More from Asymmetrical Information. Mindles Dreck asks as an aside in one of his posts:
"Will ubiquitous access to information and communication change our actual beliefs and behavior?" I believe it will. This is something I have been meaning to write about for a while.
Hypertext has the revolutionary potential to put the grist of political debate within easy reach. Right now, a lot of real-world political debates end up with my facts, and with my opponent's facts. The two are incompatible, but it is too difficult to check facts to make it worth continuing the argument.
Back when usenet was the net forum for political debate (there being no web at the time), it was quite common to see debates boil down to one party telling the other to read a book. Nobody was convinced. Occasionally facts would be online, but it was still rather difficult to get at them using ftp or (god forbid) gopher.
With HTTP, facts are much easier to present to one's opponent. It is easy to say I don't have the time to go to a library and read a book. It is hard to say I don't have the time to click on a link and read a page or two.

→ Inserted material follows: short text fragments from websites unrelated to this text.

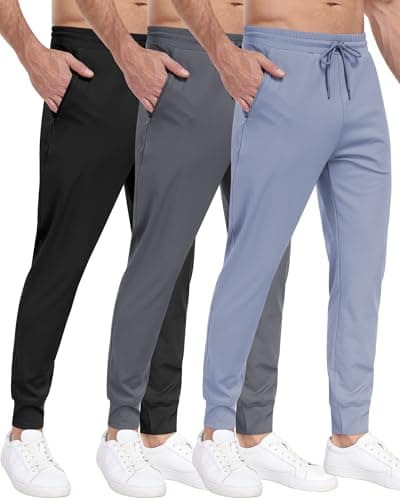 ParisDiary Men's 3 Pack Zipper Sweatpants for Workout and Gym
| ParisDiary Zipper Pockets Track Joggers Pants Suitable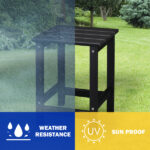 36*36*47cm Single Layer Square HDPE Side Table Black - Image 27
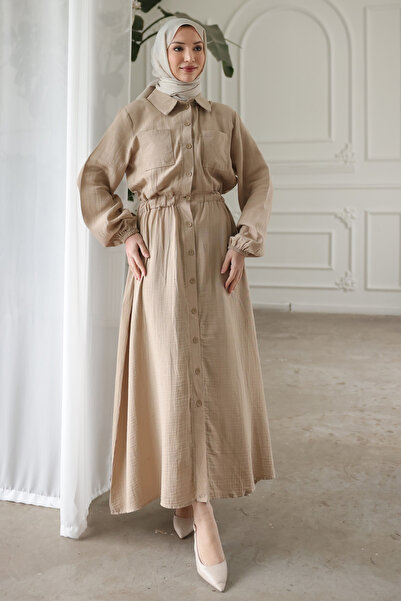 İmajButik Rochie bej cu mâneci și talie elastice, cu nasturi, dublă cu buzunare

In the future, everything worth knowing will be on the net. That is not a prediction that people will digitize everything (although I think that - people will digitize most things we currently can't get at). It's a prediction about how people will regard sources - there will be a point at which if a source is not on the net, people will not take it seriously. Much the same way that we currently regard people's recollections of old conversations.
Even now, the net is far more libertarian than the population at large. Part of that is a selection effect - younger people tend to be socially liberal, and predominate in networked social interactions. But part of it is the educational effect of being on the net. I should know - I came to anarchism from a soft libertarianism via the net.